Despite the successes of the standard model, confirmed by accelerator results, one essential building block of the whole edifice was missing. Where was the spin-0 Higgs particle? Unfortunately, in contrast to the W and Z boson masses, the mass of the Higgs boson is not predicted by the standard model, which means that within certain theoretical limits, the experimentalists did not know at what energy level to look for it. However, by 2000, when the LEP closed down at CERN, the existence of the Higgs boson had been excluded up to an energy of 114.5 GeV. Moreover, if the Higgs boson mass was less than 120 GeV but above 114 GeV, then the vacuum state associated with the spontaneous symmetry-breaking mechanism would be unstable. This means that, in the worst circumstances, the universe would not last the 14 billion years that was now built into the standard model of cosmology. Moreover, if the Higgs mass was greater than 800 GeV, then the standard model would break down. At a mass of more than 800 GeV, it would no longer be possible to do precise calculations in the standard model using perturbation theory, in which ever-increasing orders of calculations were under control. Also, the theory would violate unitarity and we would start getting probabilities for scattering experiments that exceeded 100 percent, which is impossible. In 2000, this left the energy range from 114.5 to 800 GeV open to experimental detection of the Higgs particle, albeit taking into account the potential problems with instability at less than 120 GeV.
The LHC began operating in 2009, after repairs. In March 2012, the CMS and ATLAS detectors at the LHC had excluded a Higgs particle between 130 GeV and 600 GeV to a confidence level of 95 percent. The fits to the precise electroweak data gathered independently by groups at CERN, the Tevatron, and other theoretical groups, had restricted the Higgs particle to a mass between 97 GeV and 135 GeV. Indeed, the best fit to the precise electroweak data for the Higgs mass was a mass of about 97 GeV, which had already been excluded by the LEP bound of 114.5 GeV. However, in statistical terms, the best fit of 97 GeV was one standard deviation away from the central value of the fit, allowing for a possible Higgs mass between 114.5 GeV and 135 GeV. By March 2012, this was the small window of energy–mass left open in which to detect the Higgs particle, and by late 2012, experimentalists claimed to have detected their quarry at about 125 GeV.

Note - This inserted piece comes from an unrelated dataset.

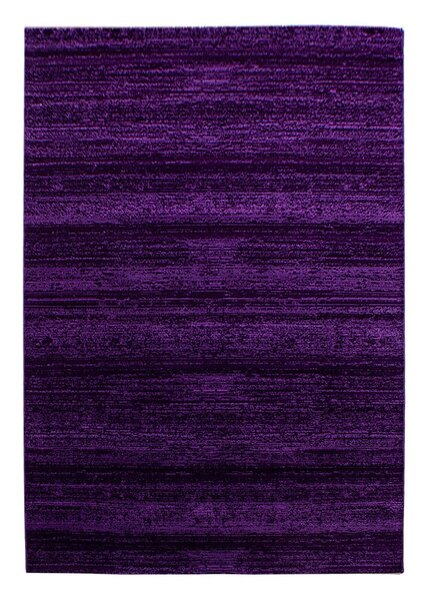 Tmavofialový koberec 160x230 cm Plus – Ayyildiz Carpets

Much like the ill-conceived ether of the 19th century, the Higgs field is supposed to pervade all of spacetime at all times. This Higgs field is believed to interact with the elementary quarks, leptons, and the W and Z bosons, as well as with itself, but not with the photon or gluon. This interaction would produce masses for all the elementary particles except for the photon and gluon. It is as if the particles are swimming through a tank of water that resists their forward motion. The heaviest particles, such as the top quark, would feel the resistance more than the lighter ones, such as the electron and the lighter up and down quarks. The photon and gluon would swim through the water without any resistance at all, because they are massless. The Higgs field/ether would be produced by a phase transition (like steam turning to water when cooled) about 10−12 seconds after the Big Bang. This hypothesis is basic to the standard-model electroweak theory.
Despite the fact that, after almost 50 years, the elusive Higgs boson had not been detected conclusively up until March 2012, the idea that it really existed was so entrenched in the minds of particle physicists that almost the whole community expected it to be discovered soon. Why is this so?
One reason is that the Higgs boson could explain the origin of the masses of the elementary particles. However, it does fall short of predicting the specific experimental masses of the fermions, such as the leptons and quarks, for each of these particle masses has a coupling constant associated with it, which determines the strength of the interaction of the particle and the Higgs field. Physicists simply adjust these coupling constants to yield the experimental values of the particle masses; the masses are not predicted by the theory. On the other hand, Weinberg was able to predict the approximate masses of the W and Z bosons given the experimental value of the so-called weak angle, which allowed for the rotation of the photon into the neutral Z boson. The Higgs mechanism seemed, to particle physicists, to be the best game in town for explaining the origin of mass for the elementary particles. An even stronger reason for believing in the existence of the Higgs boson is its ability to produce a renormalizable or finite theory of weak interactions that does not violate unitarity.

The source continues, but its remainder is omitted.